Het is toch werkelijk vreselijk. Er zijn weer 51 mensen gestikt op een vluchtelingenboot. Het haalt geeneens meer een krantenkop, het staat in een van de zij-berichten in de krant. Het kan toch niet zijn dat wij daar gewoon aan gaan wennen? 'Wij': dat zijn alle mensen in dit rijke Europa, dat continent vol ongekende mogelijkheden, iedereen enigszins zonder honger en een dak boven het hoofd, in redelijke veiligheid.
De Middellandse Zee, ooit voor mij alleen maar geassocieerd aan dat oude lied uit mijn kindertijd, vol heimwee: Middellandse zee, souvenir uit mijn dromen, enkel al het woord is als wijn op de tong, krijgt steeds meer associaties met een massagraf. Op de Biënnale ontdekte ik dat ook de Golf een gebied is waar een veredelde vorm van slavernij aan de gang is.
De Verenigde Arabische Emiraten, een zeer rijke oliestaat bouwt op Saadiyat Eiland, in Abu Dhabi, de hoofdstad o.a. een nieuw Gugenheim-Museum, ontworpen door Frank Gehry. Er komt ook een afdeling van het Louvre en het British Museum. Dit gaat om prestige en macht, en de arbeiders die het bouwen worden gehaald uit de omringende landen van de Golf; Bangladesh en India.
Ze worden gelokt via het oude Kafala-systeem, dat vroeger wel de mogelijkheid heeft gegeven tot rijke handelsbetrekkingen en migratie rondom de Golf. Dat betekent dat hun reis voorgeschoten wordt en ze dat in termijnen, al werkend terug kunnen betalen. Mooi, als alle verhoudingen gewoon goed zijn, maar helaas, veel arbeiders zitten nu dus met een gigantische schuld, die alleen al minstens twee jaar duurt om die terug te kunnen betalen, ze worden gehuisvest in grote stoffige barakken aan de rand van de woestijn, moeten daar ook voor betalen en kunnen uiteindelijk een heel klein bedrag naar het thuisfront sturen.
In de arena van de Biennale waren daar bijeenkomsten aan gewijd. Hoe zorg je voor een lange-termijn protest om de omstandigheden werkelijk beter te maken en hoe ga je daar als kunstenaar mee om? Gugenheim is een zeer prestigieuze naam, garant voor een spectaculair gebouw, zoals in Bilbao. 52 kunstenaars hebben elke week een eigen protest ontworpen en men hoopt dat de dialoog achter de schermen uiteindelijk vruchten zal afwerpen.

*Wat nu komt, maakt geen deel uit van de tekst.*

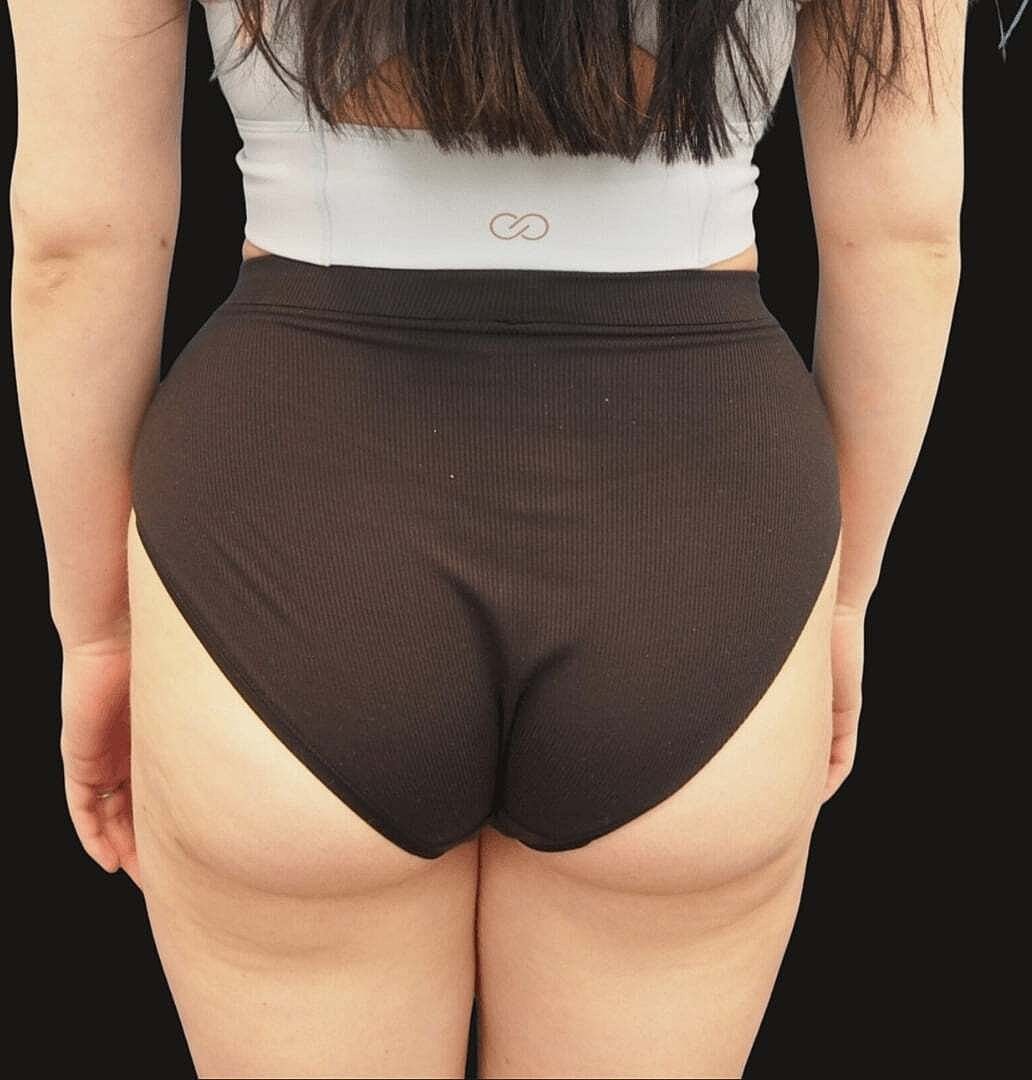 Brazilian Butt Lift Before & After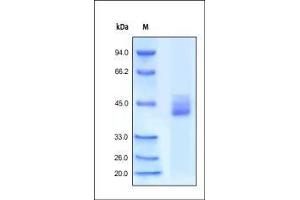 Human CXCR4, Fc Tag on SDS-PAGE under reducing (R) condition. (CXCR4 Protein (AA 1-46) (Fc Tag))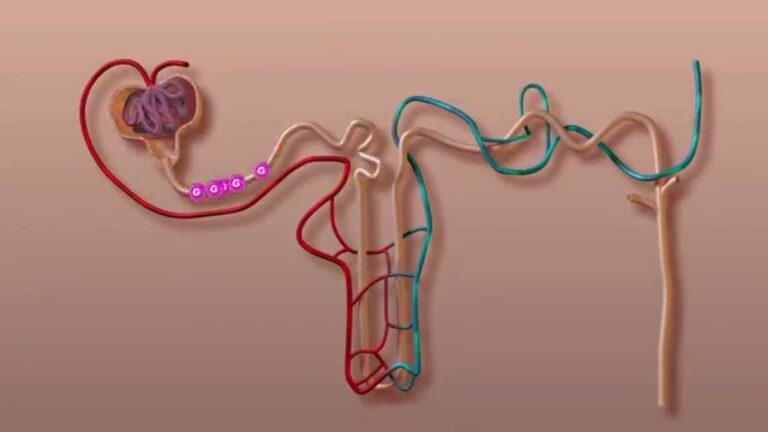Uso de glibenclamida en monitoreo de glucosa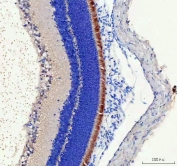IHC staining of FFPE rat retina tissue with IMPG2 antibody. HIER: boil tissue sections in pH8 EDTA for 20 min and allow to cool before testing.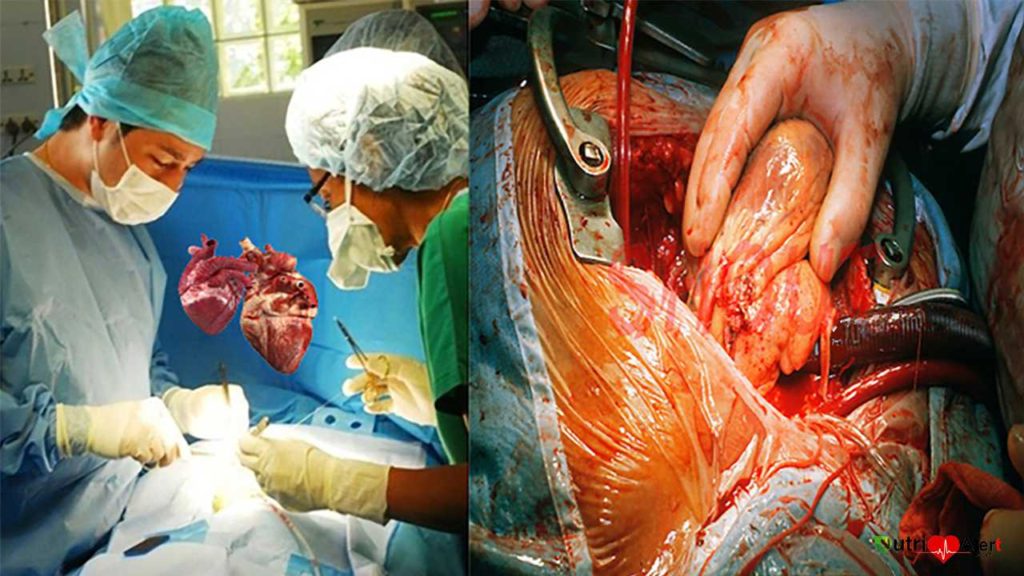 Piggyback Heart Transplant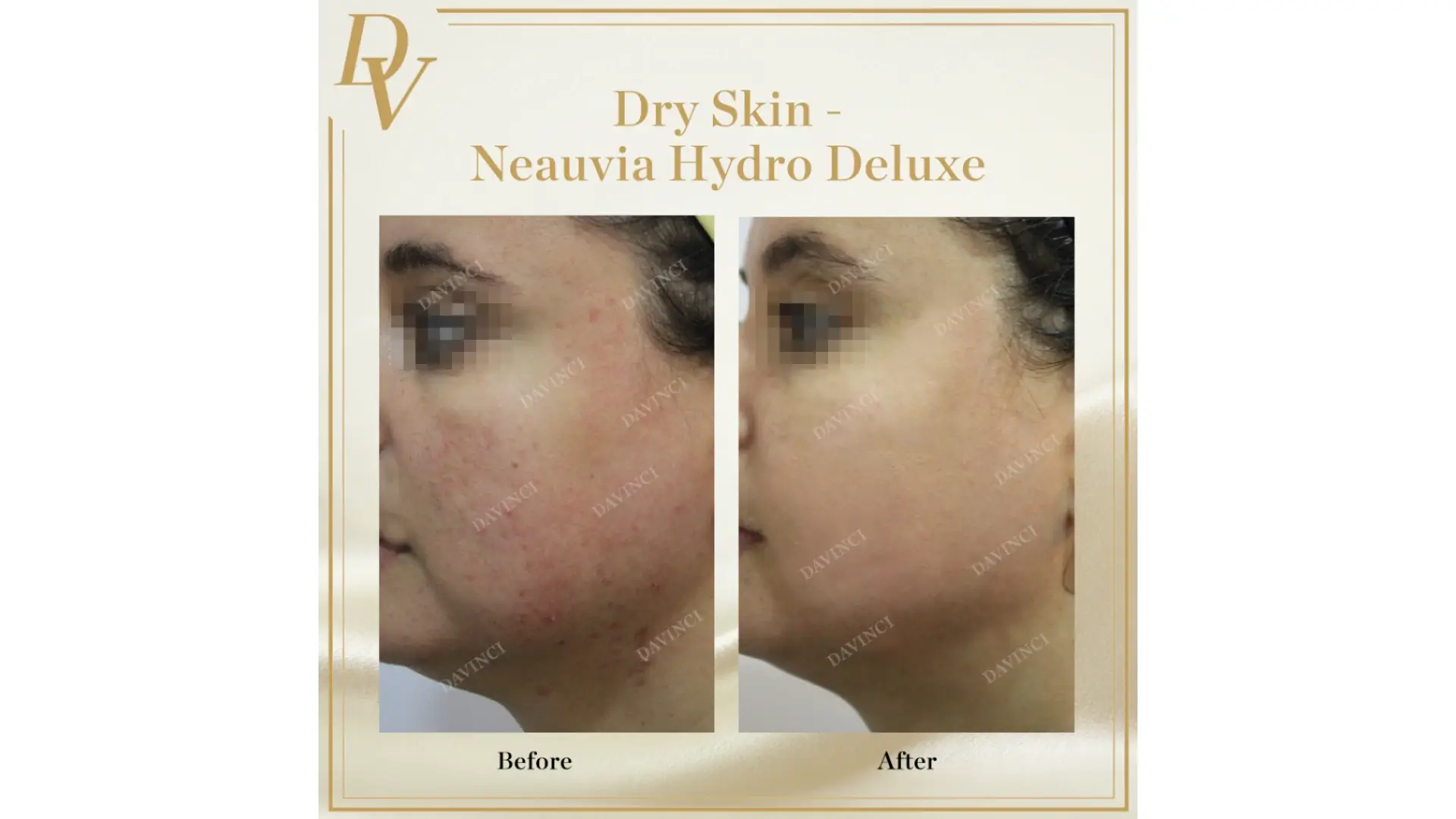 Kinh nghiệm khách hàng và feedback thực tế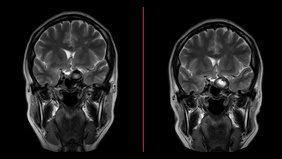 Intraprocedural Rupture of Giant Cavernous ICA Aneurysm in Multiple Intracranial Aneurysm: How Prepared are You for the Disaster?
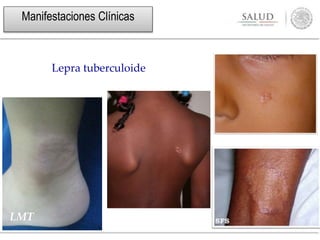 LMT
Lepra tuberculoide
Manifestaciones Clínicas
 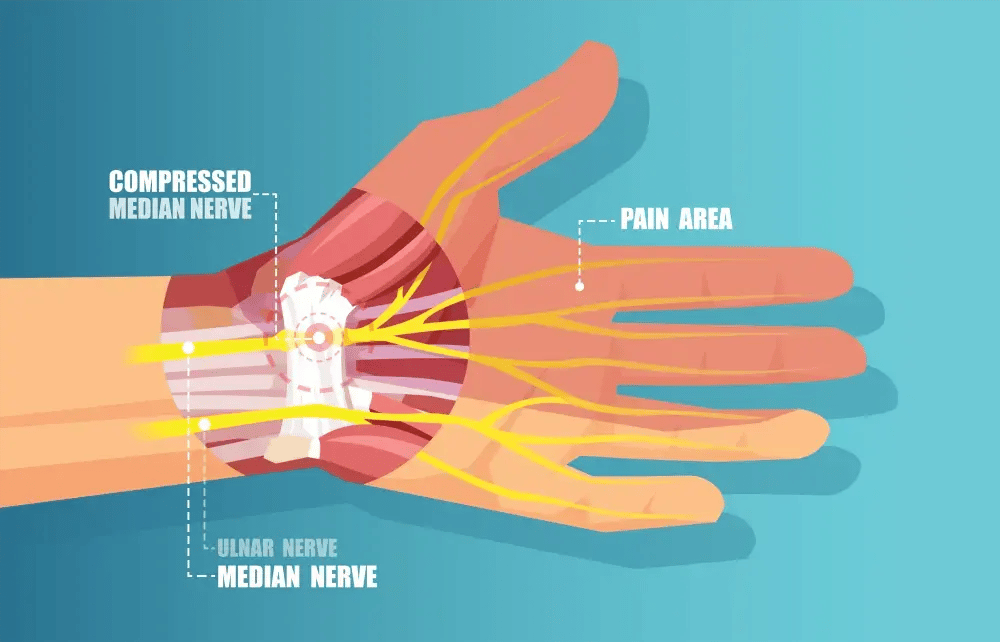 Graphic showing compressed nerve in the wrist which causes Carpal Tunnel Syndrome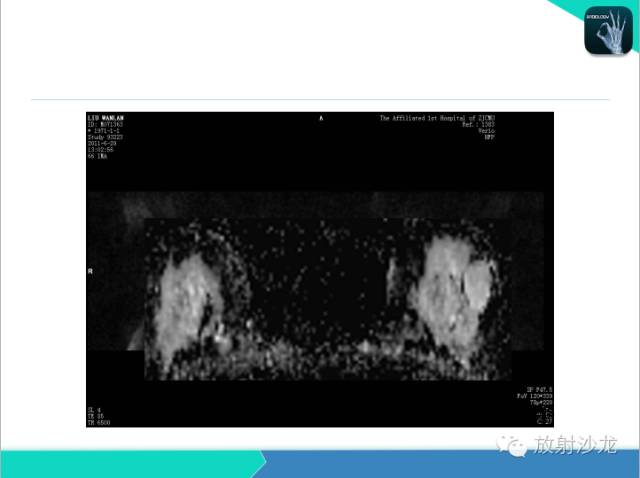 【PPT】乳腺病变的MR诊断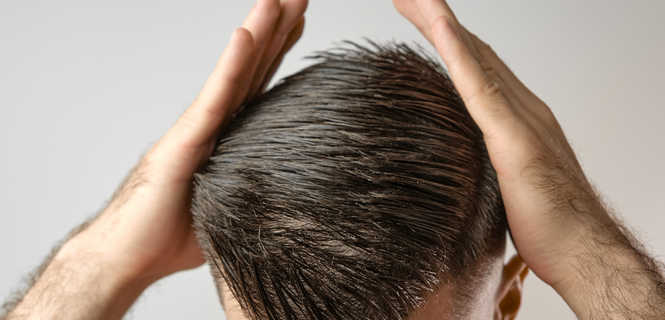 Łysienie a komórki macierzyste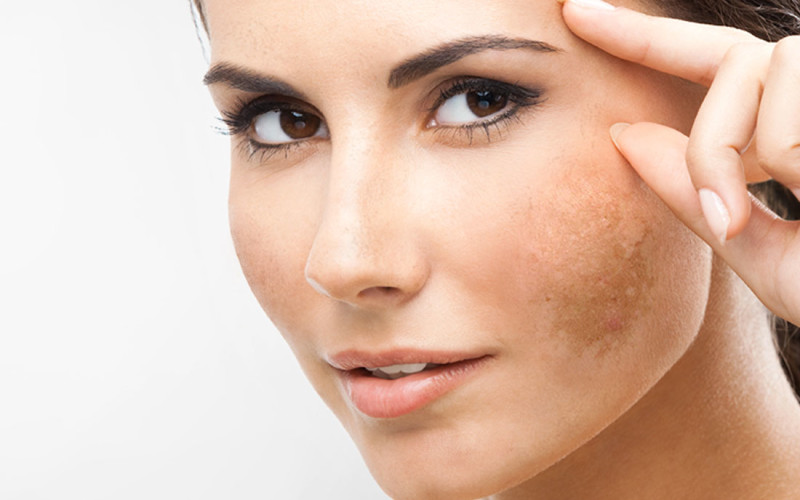 Um medo chamado Melasma Um medo chamado Melasma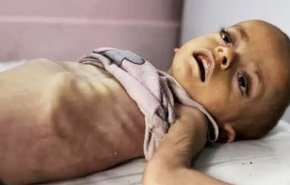 أكثر من 500 ألف طفل دون الخامسة مهددون بالموت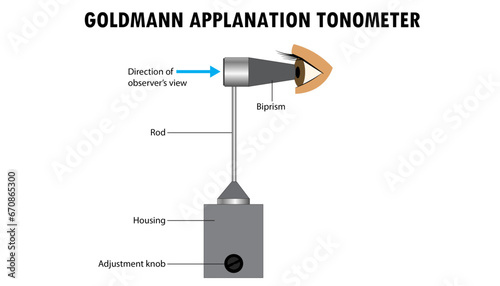 Goldeman Applanation Tonometer diagram, Instrument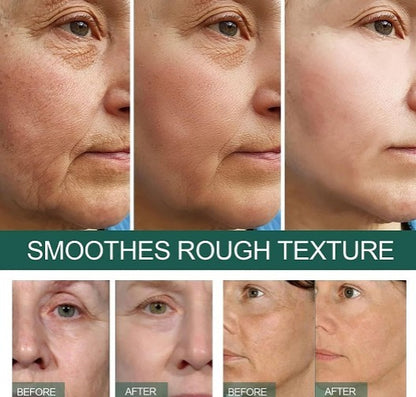 Eelhoe All-in-One Dark Spot & Pore Correcting Serum Eelhoe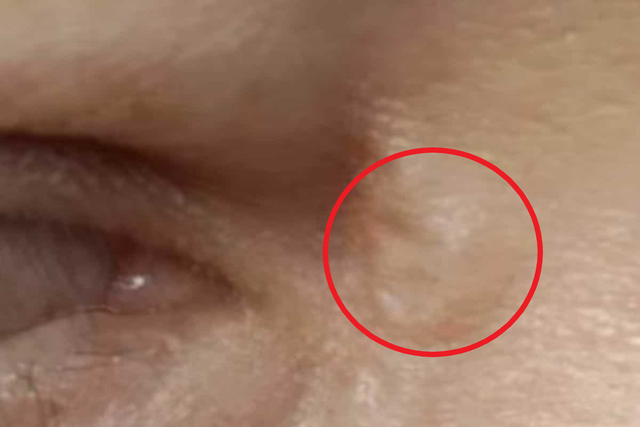 Khối u nhỏ xuất hiện gần mắt, 1 thời gian sau người phụ nữ tá hỏa thấy 1 sinh vật lạ sống trên mặt mình- Ảnh 1.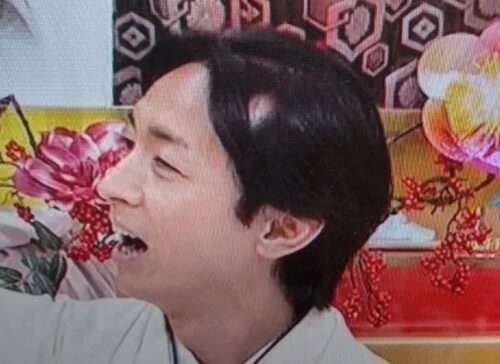 矢部浩之円形脱毛症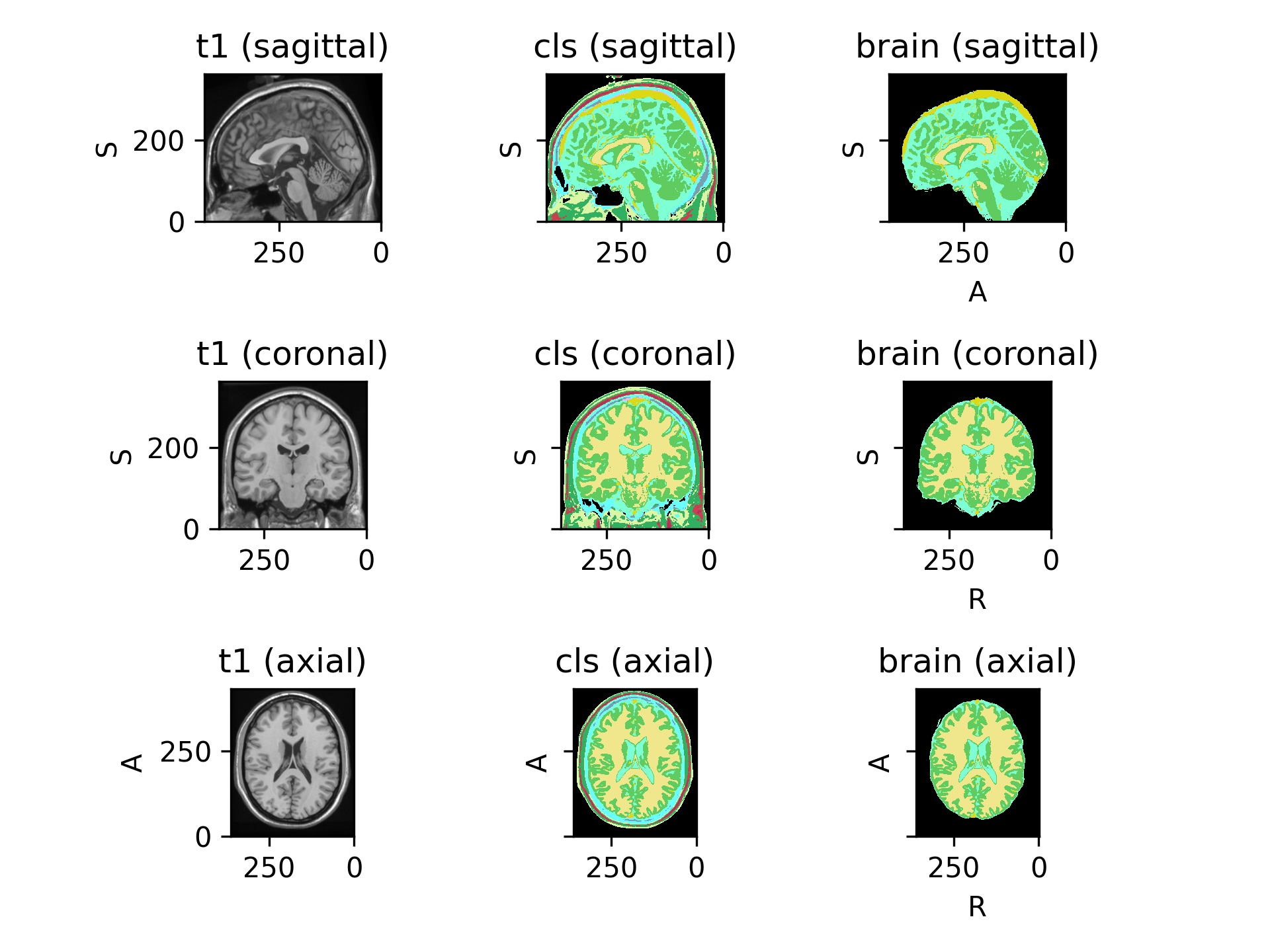 ../../_images/preprocessing-6.png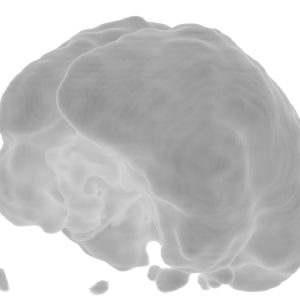 Cerebellärer Hypometabolismus PICA-Direktabgang FDG-PET-VR Cerebellärer Hypometabolismus PICA-Direktabgang FDG-PET-VR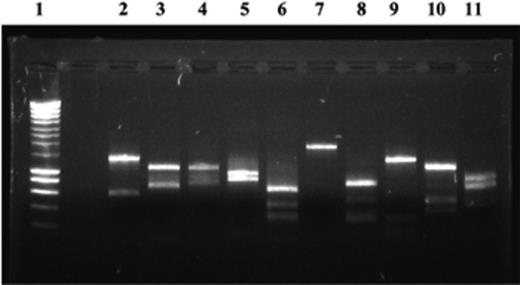RFLP analysis of dsrAB sequences retrieved from sediment samples. The dsrAB sequences present in the Seine estuary sediments were amplified and cloned. RFLP analysis based on the EcoRI/SacI restriction patterns was performed, and classified the dsrAB sequences into 10 clone families. The gel electrophoresis corresponds to EcoRI/SacI restriction patterns of one clone of each group: lanes 2–11, clone families CF1–10; lane 1, size ladder (Eurogentec).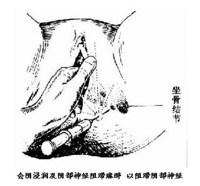 孕妇顺产侧切一般多少天恢复,顺产侧切和撕裂哪个好恢复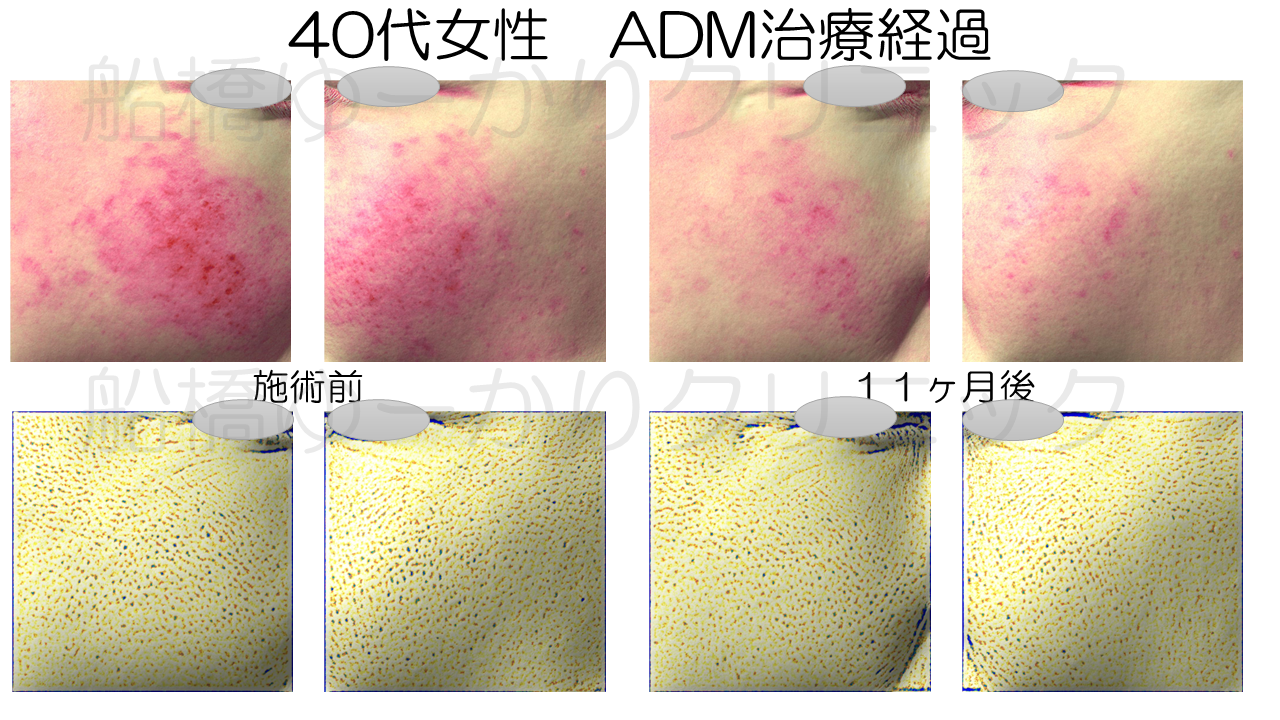 シミ治療症例３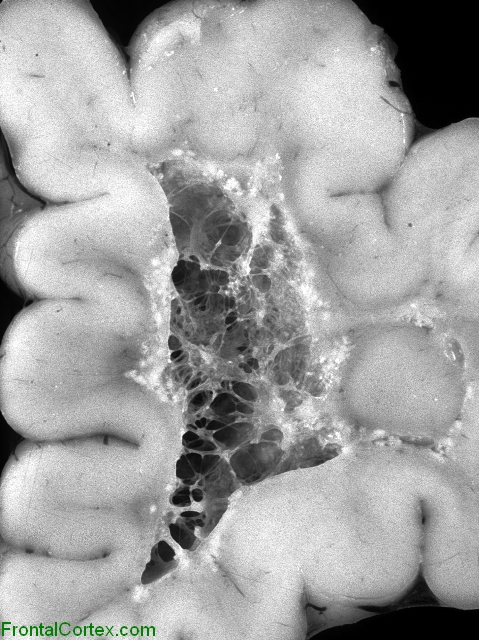 Periventricular leukomalaciawith advanced cavitation, right frontal lobe, coronal section.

Het blijkt dat men met gemak de arbeidsomstandigheden zou kunnen verbeteren, iets van een wil is er ook, alleen is men bang dat er een wereldwijd precedent wordt geschapen.
Dát is de echte ellende: als je ergens op de wereld voor betere arbeidsomstandigheden zorgt, dan zou dat voor alle arbeiders wereldwijd kunnen gaan gelden. Denk aan al die naaiateliers in China en Bangladesh en al die eindeloze hallen waar alle goederen voor het Westen in elkaar worden gezet. Of bloemkwekerijen in Afrika waar vrouwen via de huid vergiftigd worden bij het plukken, de gevaarlijke mijnen waar de grondstoffen voor computers worden gewonnen. Enzovoort.
Zucht, kreun, wat heeft het voor zin om daar allemaal aan te denken? In mij zingt nu de Slave's Lament rond van de kunstenaar Graham Fagen, de Schotse bijdrage aan de Biënnale in Pallazzo Fontana. Je komt langs een sculptuur dat op een kale boom lijkt met het uiterlijk van dikke touwen, die ik meteen associeerde aan vrijheid en gebondenheid tegelijkertijd,je bestijgt de trappen in dat pallazzo en je hoort in de verte al een stem zingen. Vier monitoren op ooghoogte naast elkaar, zo gefilmd dat je ook het harde werken van de musici ziet, een zanger, een viool, een cello en een bas , muziek gecomponeerd op een poëzietekst uit 1792 van Robert Burns, die nog steeds actueel is: The Slave's Lament: Verlangen, lotsbestemming... Bitterzoet.